Amazon SageMaker Endpoint Manager

A solution that will allow you to deploy Amazon SageMaker Foundation Model endpoint backed by a API Gateway/Lambda with automation to start and stop your endpoints.

The Amazon SageMaker Endpoint manager solution will allow you to expose your Amazon SageMaker foundation models through the Amazon API Gateway with a dynamodb authorizer using CDK. Amazon SageMaker Endpoint manager also features a mechanism to manage your real-time endpoint which will automatically start and stop your Amazon SageMaker endpoint through an expiry datetime configuration for each endpoint. Similar to a parking meter whereby you top up credits to ensure that your parking does not expire, in this case, you keep renewing the endpoint expiry date time to keep it running.

This solution was designed to solve a recurring problem with users leaving their Amazon SageMaker endpoint on and forgetting to delete them after usage. The approach taken to solve this in the first iteration is to enforce users to renew their endpoint expiry times based on how much time need it up for. By doing so, it raises the awareness of the cost of the endpoint (particularly for LLM endpoint) and also ensure that the user is intentional as to how time they actually need to use the endpoint for testing and development.

What's New


  • Added the ability to asynchronously invoke the Amazon SageMaker real-time endpoint via API gateway
  • Collapsed stacks into a single root stack for a simplified deployment


  • Added support for loading jumpstart models which uses a Model Package (i.e. Marketplace subscription) instead of a Docker image
  • Added the ability to send custom attributes via API Gateway/AWS integration when invoking the Amazon SageMaker endpoint by specifying the X-Amzn-SageMaker-Custom-Attributes in the request header.


  • Added lambda exception handling
  • Added AWS Gateway direct AWS integration with Amazon SageMaker. To use AWS integration, set the type in the integration property to api.


  • Added support for multiple endpoints and apis in a configuration file - config/configs.json file.
  • Consolidated realtime and async stack to simplify deployment.

Table of contents

Demo Overview

Architecture Diagram

How to deploy the stack

  1. Create a python virtualenv

    $ python3 -m venv .venv
  2. Activate your virtual environment

    For Mac/Linux platform:

    $ source .venv/bin/activate

    If you are a Windows platform, you would activate the virtualenv like this:

    % .venv\Scripts\activate.bat
  3. Install required dependencies

    $ pip install -r requirements.txt
  4. Bootstrap your environment (if required)
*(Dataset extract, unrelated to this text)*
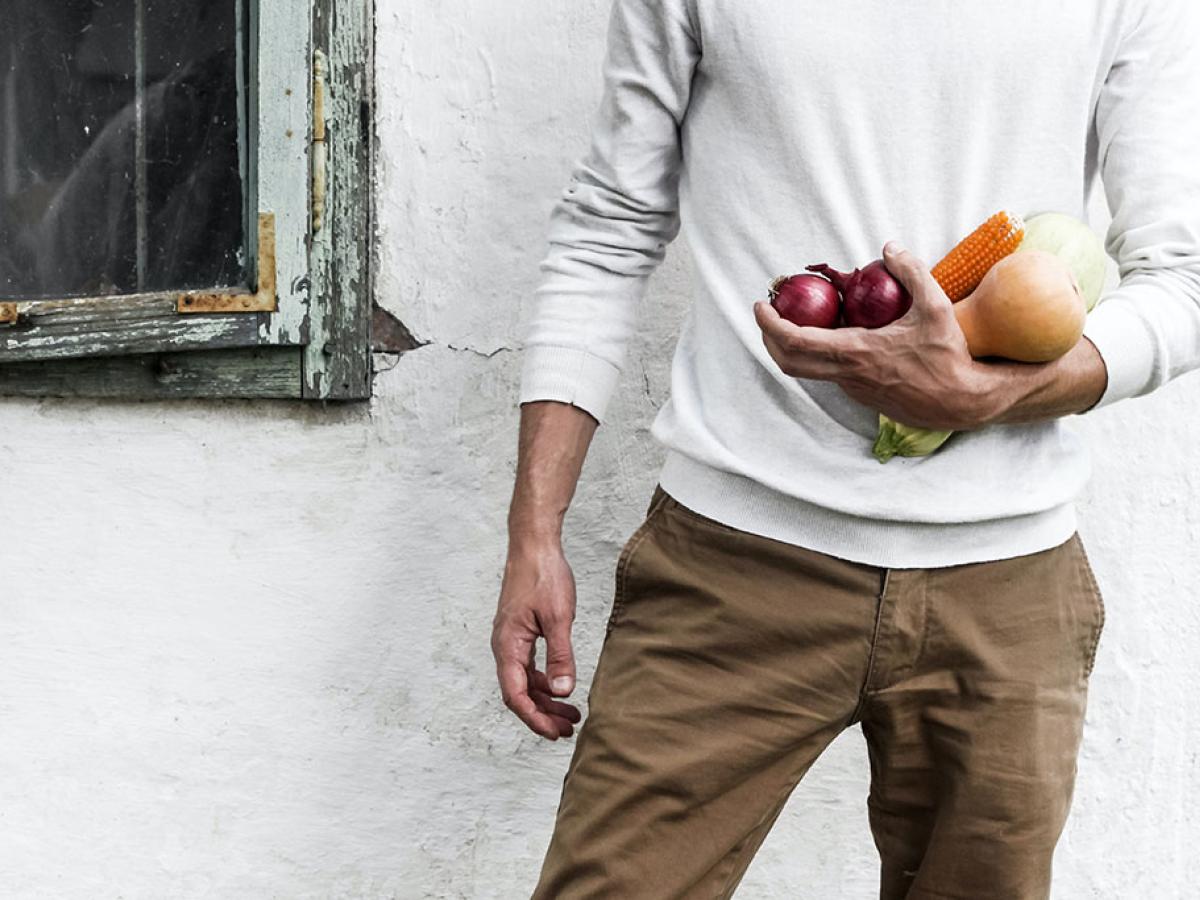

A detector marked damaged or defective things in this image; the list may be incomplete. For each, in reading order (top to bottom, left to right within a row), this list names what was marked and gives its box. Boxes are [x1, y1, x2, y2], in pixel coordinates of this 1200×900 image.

rust stain on wood [176, 213, 277, 314]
    If you have not previously used CDK, bootstrap your environment

    $ cdk bootstrap
  5. Define your configuration

    Setup your Amazon SageMaker Endpoint Manager and configure the models that you'd like to deploy by opening the config/config.json file with a text editor. Configure the project settings such as your project_prefix, region_name - region to deploy the stack and ddb_auth_table_name. For more information on the configuration, refer to the Endpoint manager Configuration section.

    Next define the jumpstart models you'd like to deploy. For more information on the jumpstart model configuration, refer to jumpstart model configuration section. Below, you can find an example of how to deploy a real-time falcon40b and flan jumpstart model. You will also find additional examples in the config/example-configs.json file.

    Example Jumpstart model configuration

    Falcon 40B - Realtime publicly accessible Endpoint configuration using apigateway/lambda integration

            "name" : "Falcon40BPublic",
            "model_id" : "huggingface-llm-falcon-40b-instruct-bf16",
            "inference_instance_count": 2,
            "inference_instance_type" : "ml.g5.12xlarge",
            "inference_type": "realtime",
            "public": true,
            "schedule": {
                "initial_provision_minutes": 90
            "integration": {
                "type": "lambda",
                "properties": {
                    "lambda_src": "functions/falcon",
                    "api_resource_name": "falcon"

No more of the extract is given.